The term you hear me use most often when referring to our congregation is “a family of faith.” It is not a designation that should be applied lightly or that is appropriate for every church, but last Sunday was a great example of how apt it is when talking about Parkway.

The honoring of a couple of long-term servants of God who have given so much to our church, especially to the children; the recognition of a milestone birthday of one of our most senior members; the witnessing of a couple asking for God’s blessing on their family through a parent-child dedication service; and the weekly practice of giving glory to God through reverent and intentional worship — all of these practices combined to show us as a family that enjoys each other’s company, celebrates each other’s life stages, and seeks to do all under the leadership of the Holy Spirit. That’s what it means to be a family of faith.

I read another story this week about a huge urban church that was having to downsize. They own ten blocks of real estate in the heart of a Southern city and they have realized that, following years of numerical decline, they only need about ten percent of that. The pastor commented that their struggle to maintain viability rose from asking people to do two things that they don’t do anymore: go to church and go downtown.

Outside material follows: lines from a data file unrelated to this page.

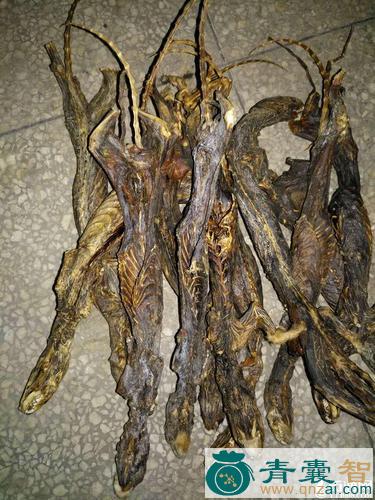 鼬鼠肉的性味归经以及功效用法-青囊智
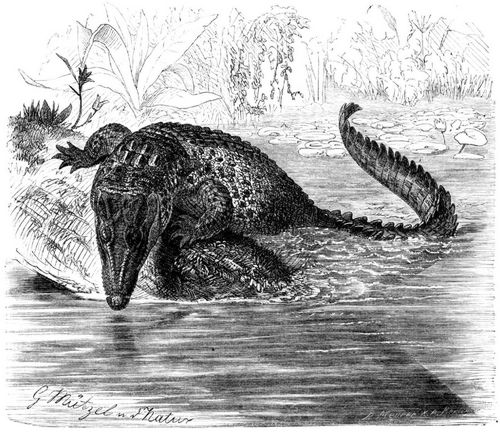 Leistenkrokodil (Crocodilus biporcatus). 1/30 natrl. Gre.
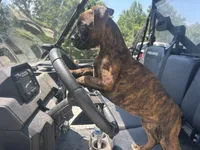 Monte, a male Boxer for sale in Allons, TN – 7 of 9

They are going to use the proceeds from selling most of their property to establish satellite campuses where they still get to worship “together” by piping in portions of the service from the main campus while having some live elements. They are attempting to stay connected electronically. It’s a solution, I guess. 

To me it feels like trying to stay in touch with your kids by Skype or Facetime. It’s better than nothing, but can’t come close to the experience of being in the same room.

I am in no position to second guess the decisions of people who have been far more successful in ministry than I have, but another option might be to take that money and release it for the establishment of smaller congregations in underserved communities, churches that could truly connect with people in the ways that families connect with one another. 

It’s no secret that keeping churches, especially smaller churches, alive, is a struggle today. But last Sunday reminded me of why it is worth the effort. I hope you agree, and that you will deepen your own commitment to keeping Parkway vibrant and thriving for many years to come.